January 19, 2013 11:04 AM

The Empty Cup Strategy

A fictional situation (that is all too real)...

Imagine this: you have an amazing day at work. A big project got completed, you were called out in terms of your excellence and other moments of pride and distinction from your peers ensue. You can't wait to get home and share the news with your family. You walk through the door, smiling from ear and ear and you're suddenly ambushed by kids fighting, and a spouse who has spent the day cleaning snot and separating the rug rats. Those two dramatically disparate emotional sides usually leads into some kind of argument or moments of frustration. It's a story that unfolds - in one way, shape or form - multiple times a day all over the world.

The problem.

We approach each new scenario with the emotions and experiences that are spilling over from our last scenario (and the ones before that). Prior to Twist Image, I held a job where I was editing a local community publication, writing freelance on the side and coaching close quarter combatives. As I would go through my day - inching ever closer to my time in the gym - I would have some great training sessions and some brutal ones. At one point, I was trying my best to figure out where the lack of consistency was coming from, so I spoke with my coach (Tony Blauer). After some back and forth, it became clear that I was brining my daily luggage into the gym. If my mind was wandering to the stuff that had happened prior to walking through the doors, it was very hard to advance, stay focused and (to be frank), not get punched in the face repeatedly. Not fun. As we all know, when it comes to any form of physical activity, focus (along with proper training) is core. Back then, I was equally fascinated with literature about martial arts. That literature, which was also laced freely with Eastern philosophy, would often talk about "emptying the cup."

A powerful lesson in learning, growing and focus.

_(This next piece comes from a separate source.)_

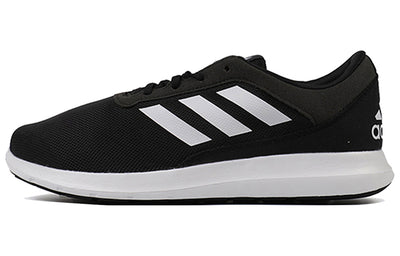 アディダス adidas Coreracer "Core Black/Cloud White" FX3581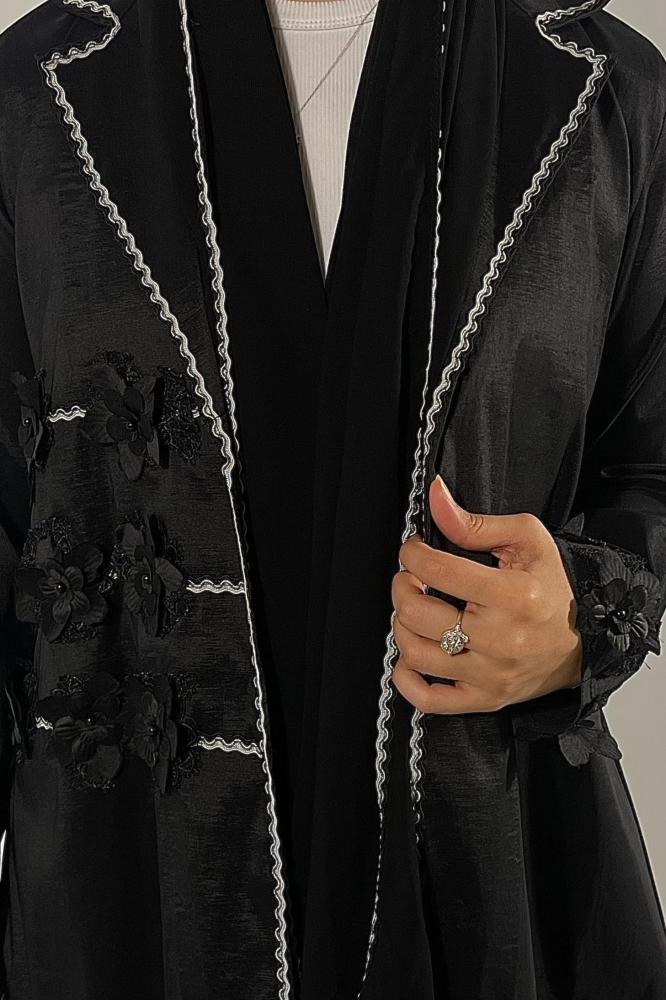 Black50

Spend a week emptying your cup before each and every new scenario you encounter at work. If you had a rough conference call with a client, don't drag that emotion into a creative brainstorm. If your boss was tough on you, don't take it out on a fellow team member on a status report. Seems obvious enough, doesn't it? Still, nobody's perfect and we don't do this often enough. This year - like every year - I will be attending the TED conference in Long Beach. It happens at the end of February and this is always a hectic time at Twist Image. Once the cab driver drops me off at the airport prior to my flight out West, I always stop in the airport lounge, find a quiet corner and sip on some tea. I use that moment to cleanse myself, to reframe my life and to empty my cup (in this case it's literal and metaphorical). I do everything within my power to enter the week of TED, empty, available and ready for anything. Not carrying any preconceived emotions, not bringing any business or personal issues along for the ride. It's not easy, but it's something to focus on. Two years ago, after a particularly motivating TED conference, I dedicated myself to adding more and more moments of emptying the cup into my life. It started with the transitions between work, community work and home life, and it's edging closer (with a lot of hard work) to daily transitions between meetings and interactions with people.

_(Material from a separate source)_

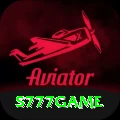 s777game Pro Max v1.5.0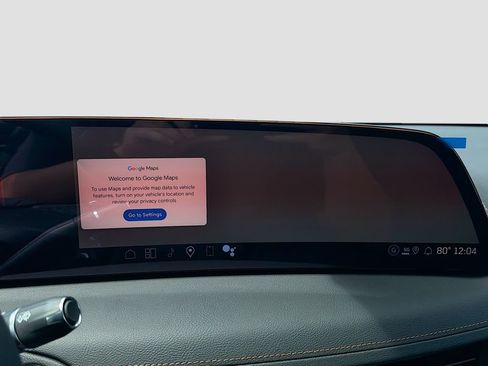 New 2026 Cadillac CT5 V RWD image 29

I am learning a lot. You can too.

The process of the empty cup strategy has been enlightening. It's not just about being better at relationships, it has been an integral part of my personal development and education. I not only learn so much more about myself and others, but I'm better able to always put myself in the mindframe of being "the constant student." If my cup is empty, it's an opportunity to grown, learn and think without bringing in my own personal history and experience - which can often cloud my ability to be truly open and, in the moment. Just imagine - for a moment - that this type of thinking was pervasive throughout your organization (from the c-suite down to the admin staff). What could customer service look like? What could your meetings look like?

What about you? What's your empty cup strategy?